Specialists in aviation medicine study the reactions of humans to the stresses of air travel. They are concerned with the proper screening of candidates for flight training, the maintenance of maximum efficiency among aircrews, and with clinically oriented research into the effects of flight on the body. They also cooperate actively with aeronautical engineers in the development of safe aircraft.

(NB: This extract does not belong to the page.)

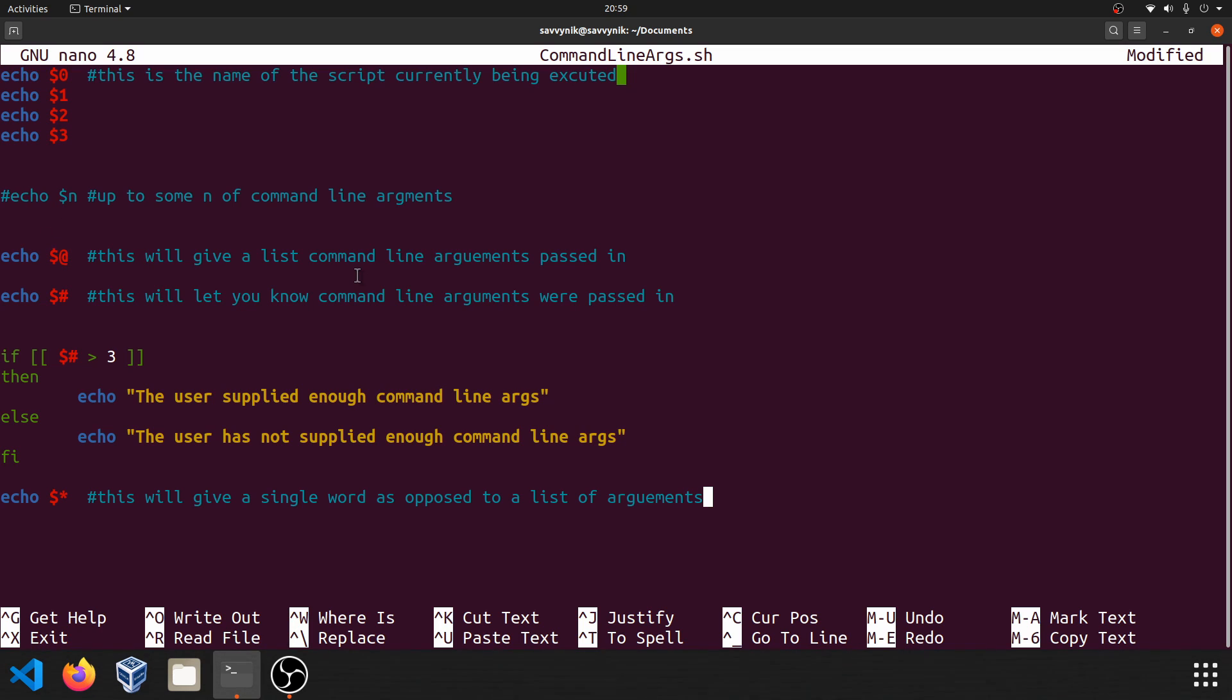And that's really it on how to get command line input from a user passed into your shell script. I hope you enjoyed this last shell scripting tutorial. Let me know if you have any questions, comments, or suggestions in the comment section below. Also make sure to subscribe for future videos and make sure to like the video. Thanks for watching.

Aviation medicine is rooted in the early 18th-century physiological studies of balloonists, some of whom were physicians. In 1784, a year after the first balloon flight by the French physicist Jean Pilâtre de Rozier, a Boston physician, John Jeffries, made the first study of upper-air composition from a balloon. The first comprehensive studies of health effects in air flight were made by the French physician Paul Bert, who published his research on the effects of altered air pressure and composition on humans in 1878 under the title La pression barometrique. In 1894 the Viennese physiologist Herman Von Schrötter designed an oxygen mask with which the meteorologist Artur Berson set an altitude record of 9150 m (30,000 ft). With the advent of the airplane, the first standards for military pilots were established in 1912. Significant work in this area was directed by the physician Theodore Lyster, an American pioneer in aviation medicine. Lyster set up the Aviation Medicine Research Board in 1917, which opened a research laboratory at Hazelhurst Field in Mineola, New York, in January 1918. The School of Flight Surgeons opened the following year, and in 1929 the Aero Medical Association was founded under the direction of Louis H. Bauer. In 1934 facilities were built at Wright Air Field in Dayton, Ohio, to study the effect of high-performance flight on humans. Technical advances included the first pressurized suit, designed and worn by the American aviator Wiley Post in 1934, and the first antigravity suit, designed by W. R. Franks in Britain in 1942. In an effort to help design better restraint systems for military jet aircraft, the U.S. flight surgeon John Stapp conducted a series of tests on a rocket-powered sled, culminating on December 10, 1954, when Colonel Stapp underwent deceleration from a velocity of 286 m (937 ft)/sec in 1.4 sec.
Aviation medicine is concerned primarily with the effects on human beings of high speed and high altitude and involves the study of such factors as acceleration and deceleration, atmospheric pressure, and decompression. In civil aviation medicine, an additional concern is passenger airsickness.